What this task involves>
Take the line that contains "Contemporary residential building" and each line after it to the end of the data below, and set them down exactly, omitting pictures.

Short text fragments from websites
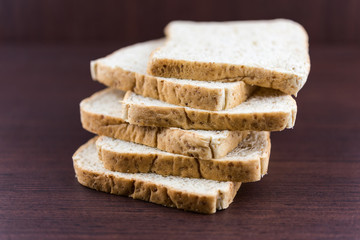 Sliced Whole wheat bread on wood table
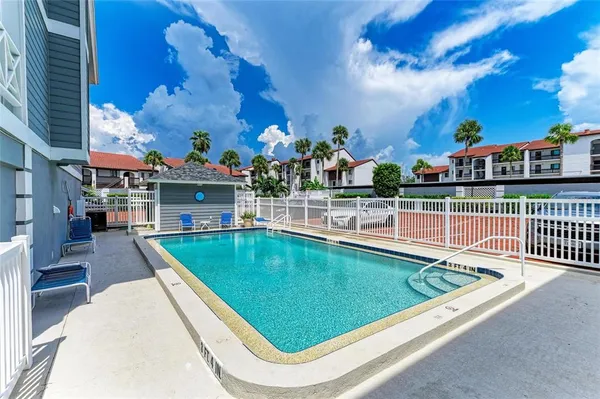a view of a swimming pool with a deck and a fireplace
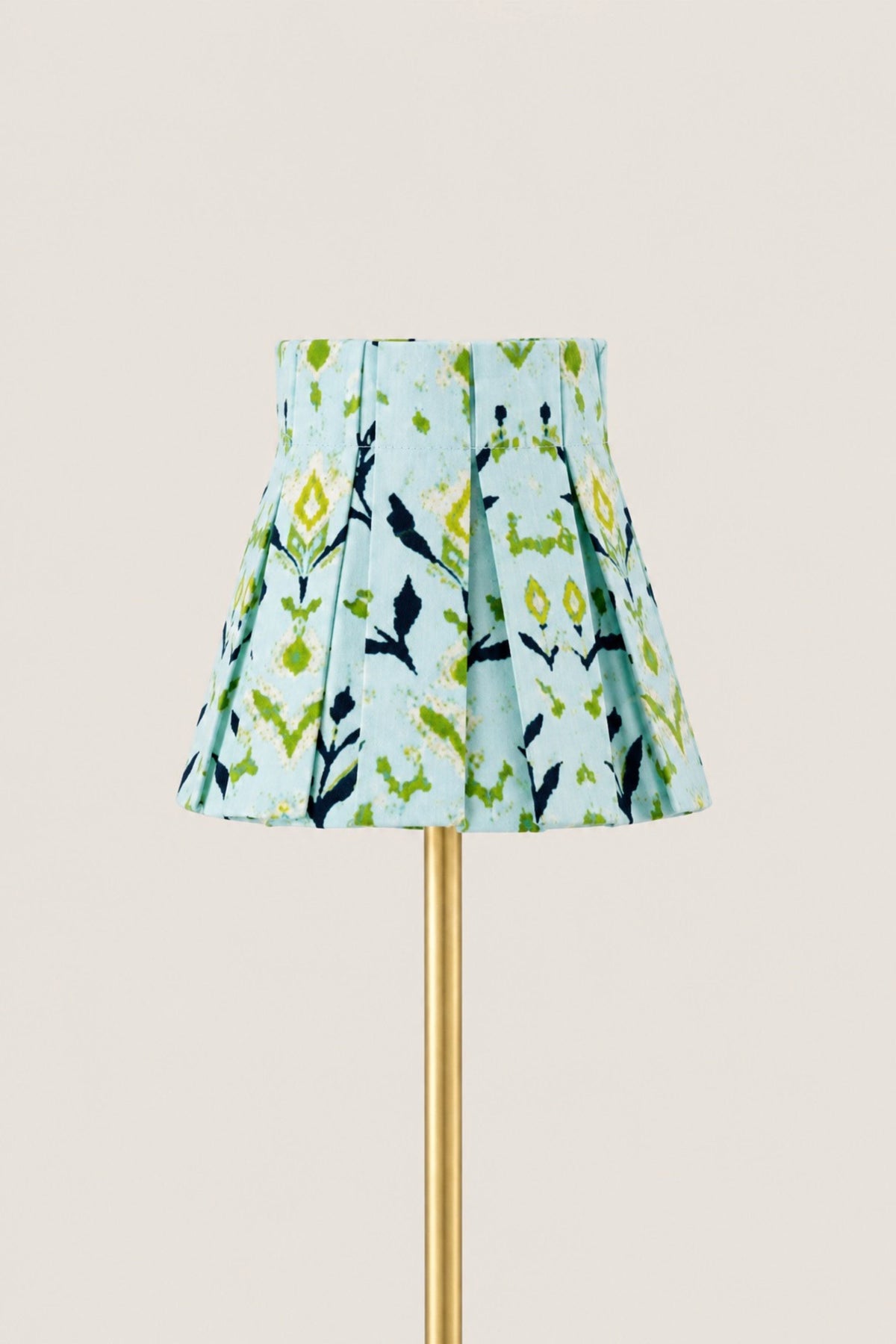 A pleated fabric lampshade with a light blue background and a green, yellow, and black botanical pattern, mounted on a gold lamp stand against a solid light beige background.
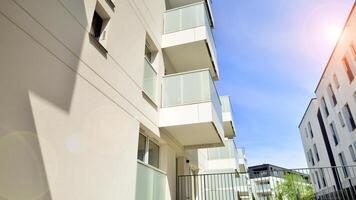 Contemporary residential building exterior in the daylight. Modern apartment buildings on a sunny day with a blue sky. Facade of a modern apartment building photo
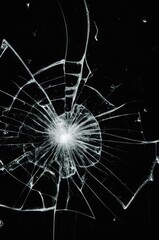 Broken glass on a black background, cracks, shards.
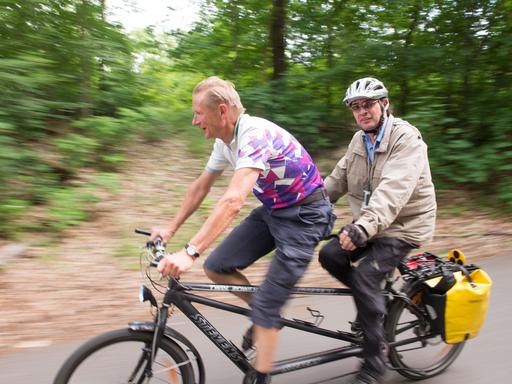 Der Leiter des Tandemprojektes Steffen Kruschwitz (r) fährt am 08.06.2017 in Berlin bei einer Tandemausfahrt mit seinem sehenden Tandempartner auf einem Tandemrad. 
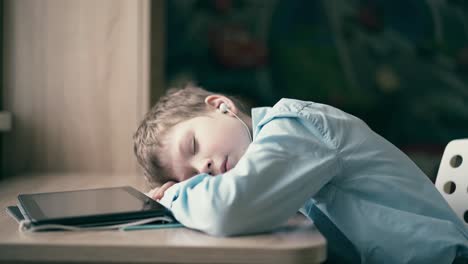 Slow-motion-child-fell-asleep-while-he-was-doing-his-homework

Result>
 Contemporary residential building exterior in the daylight. Modern apartment buildings on a sunny day with a blue sky. Facade of a modern apartment building photo
 Broken glass on a black background, cracks, shards.
 Der Leiter des Tandemprojektes Steffen Kruschwitz (r) fährt am 08.06.2017 in Berlin bei einer Tandemausfahrt mit seinem sehenden Tandempartner auf einem Tandemrad. 
 Slow-motion-child-fell-asleep-while-he-was-doing-his-homework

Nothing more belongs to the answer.